Thanks for valuable information.
Your post has come just at the time I am considering changing web-host. Since, the main reason for change is the uptime issue (currently it is 99.2% for this year) which should be nearly 100%, if you can throw some light about your host about this issue, it would help me to take decision.
Also, if you look at most hosts who have guarantees about uptime, down time due to hardware failure isn't included. So under any other hosts' definitions of uptime, my host would still be at 100%.
And certainly it is a lot more reliable than my own university's big network! I had an uscheduled an unexplained email outage for several hours with them a couple weeks ago, not to mention they shut things down once or twice a week to do maintenance on the email servers, and their web servers from time to time I notice are down.
Thanks for taking pains to write at length. I considered the name given by you seriously and have been monitoring it now for around 15 days from uptime perspective. I was surprised to find that the results were not encouraging. The uptime was marginally below 98.5%.
Realising the above trend in a few days of monitoring, I included the host mentioned by Harry in his post below. This site's uptime has been around 99.9%.
The data is based on 5 minutes sampling and hence can be considered to be fairly accurate. I understand that the data collected over a longer period of time will provide a better statistical analysis.
To answer your question first, I monitored the site of the host, not of the user (I didn't want to eat on your bandwidth).
Coming to the other aspect mentioned by you, it seems to be an issue of different requirements. In my case, the main requirement is online testing.
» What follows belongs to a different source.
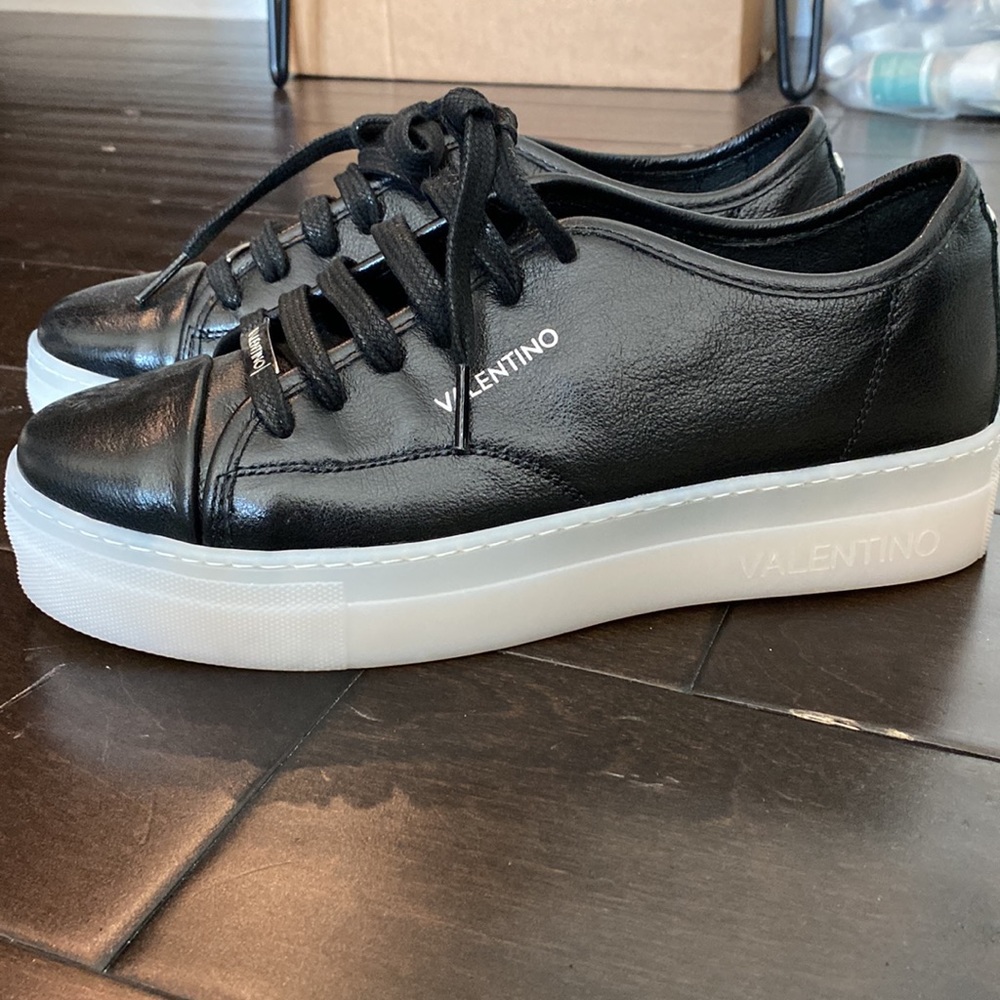 Valentino Platform Leather Sneakers in Black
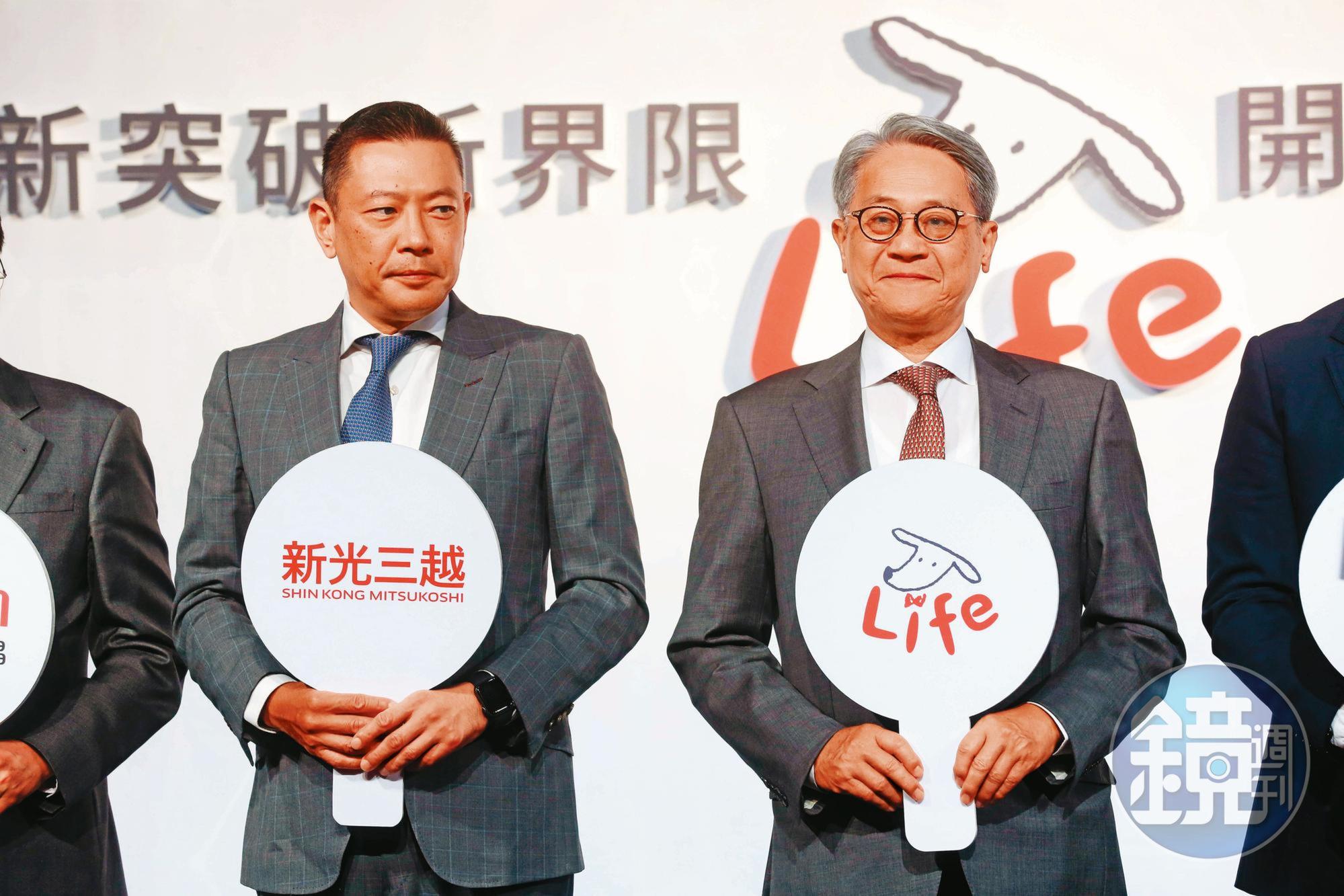 新光三越董事會改選,台新金董座吳東亮(右)力挺堂姪、新光三越總經理吳昕陽(左)。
When a student taking the test sitting 1000 Km. away from me clicks on, "Save my answers" button and the server stops responding then the situation can become quite awful. I guess that such mission critical applications can only be served to satisfaction by maintaining nearly 100% server uptime.
I know when I was working in Egypt, we had our database hosted in the US. For over a week, we had serious problems connecting to our database. We had absolutely no problems with other sites. The problem was not in the US on our server, nor in Egypt, but in London. There are only two companies that bring the internet into Egypt even though it is resold by many and the one we had our DSL through had a slow connection somewhere along the chain of computers in London. This was determined by running traceroute. We could use dialup using a connection provided by the other company that followed a different route and had no problem. None of our staff in Ireland or various locations in the US had any problems connecting to the database either, just that particular connection. And when the problem went away, I checked traceroute again, and found it was because the route had changed.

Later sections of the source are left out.